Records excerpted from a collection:
-------

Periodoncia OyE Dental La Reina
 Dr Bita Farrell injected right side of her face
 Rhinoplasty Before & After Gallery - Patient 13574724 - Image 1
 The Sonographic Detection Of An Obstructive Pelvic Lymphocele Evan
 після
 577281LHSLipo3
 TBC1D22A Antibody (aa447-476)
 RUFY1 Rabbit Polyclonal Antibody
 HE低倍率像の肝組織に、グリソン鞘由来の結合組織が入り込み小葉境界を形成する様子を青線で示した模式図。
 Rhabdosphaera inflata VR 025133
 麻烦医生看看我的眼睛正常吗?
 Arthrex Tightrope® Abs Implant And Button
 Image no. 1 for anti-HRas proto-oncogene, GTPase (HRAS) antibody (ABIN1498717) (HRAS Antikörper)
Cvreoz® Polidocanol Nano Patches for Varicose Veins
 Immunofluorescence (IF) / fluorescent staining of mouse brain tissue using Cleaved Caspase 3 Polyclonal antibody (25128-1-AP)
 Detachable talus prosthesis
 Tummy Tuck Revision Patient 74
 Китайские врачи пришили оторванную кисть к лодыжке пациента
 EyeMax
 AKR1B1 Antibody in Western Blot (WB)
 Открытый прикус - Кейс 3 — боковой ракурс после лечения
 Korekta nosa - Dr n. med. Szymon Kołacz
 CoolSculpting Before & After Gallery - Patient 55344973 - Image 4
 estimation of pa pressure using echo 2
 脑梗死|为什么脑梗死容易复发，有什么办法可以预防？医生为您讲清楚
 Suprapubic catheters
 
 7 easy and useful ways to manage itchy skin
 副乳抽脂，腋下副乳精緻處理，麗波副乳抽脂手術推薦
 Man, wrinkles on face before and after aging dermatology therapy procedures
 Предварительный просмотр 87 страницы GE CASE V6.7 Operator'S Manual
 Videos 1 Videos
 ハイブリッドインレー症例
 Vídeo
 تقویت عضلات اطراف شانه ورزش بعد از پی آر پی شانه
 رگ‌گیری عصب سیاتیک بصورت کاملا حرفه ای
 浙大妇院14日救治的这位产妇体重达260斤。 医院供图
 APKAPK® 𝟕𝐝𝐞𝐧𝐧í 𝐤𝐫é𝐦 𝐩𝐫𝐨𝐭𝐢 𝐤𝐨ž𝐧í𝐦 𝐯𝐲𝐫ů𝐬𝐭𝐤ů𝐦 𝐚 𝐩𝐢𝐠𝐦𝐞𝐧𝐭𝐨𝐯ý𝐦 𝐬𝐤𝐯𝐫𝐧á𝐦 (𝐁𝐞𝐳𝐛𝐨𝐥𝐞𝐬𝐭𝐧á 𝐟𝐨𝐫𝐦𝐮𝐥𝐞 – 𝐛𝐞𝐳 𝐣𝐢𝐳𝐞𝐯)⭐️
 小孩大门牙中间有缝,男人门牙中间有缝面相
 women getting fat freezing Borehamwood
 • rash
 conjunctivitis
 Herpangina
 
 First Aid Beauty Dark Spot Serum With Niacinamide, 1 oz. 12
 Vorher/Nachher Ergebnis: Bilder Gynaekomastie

-------

WORK REQUEST: Copy out, word for word, the part of the entries above that begins at the line with "Arthrex Tightrope® Abs Implant And Button" and ends at the line with "浙大妇院14日救治的这位产妇体重达260斤。 医院供图", including both.

SOLUTION FOR THIS TASK:
 Arthrex Tightrope® Abs Implant And Button
 Image no. 1 for anti-HRas proto-oncogene, GTPase (HRAS) antibody (ABIN1498717) (HRAS Antikörper)
Cvreoz® Polidocanol Nano Patches for Varicose Veins
 Immunofluorescence (IF) / fluorescent staining of mouse brain tissue using Cleaved Caspase 3 Polyclonal antibody (25128-1-AP)
 Detachable talus prosthesis
 Tummy Tuck Revision Patient 74
 Китайские врачи пришили оторванную кисть к лодыжке пациента
 EyeMax
 AKR1B1 Antibody in Western Blot (WB)
 Открытый прикус - Кейс 3 — боковой ракурс после лечения
 Korekta nosa - Dr n. med. Szymon Kołacz
 CoolSculpting Before & After Gallery - Patient 55344973 - Image 4
 estimation of pa pressure using echo 2
 脑梗死|为什么脑梗死容易复发，有什么办法可以预防？医生为您讲清楚
 Suprapubic catheters
 
 7 easy and useful ways to manage itchy skin
 副乳抽脂，腋下副乳精緻處理，麗波副乳抽脂手術推薦
 Man, wrinkles on face before and after aging dermatology therapy procedures
 Предварительный просмотр 87 страницы GE CASE V6.7 Operator'S Manual
 Videos 1 Videos
 ハイブリッドインレー症例
 Vídeo
 تقویت عضلات اطراف شانه ورزش بعد از پی آر پی شانه
 رگ‌گیری عصب سیاتیک بصورت کاملا حرفه ای
 浙大妇院14日救治的这位产妇体重达260斤。 医院供图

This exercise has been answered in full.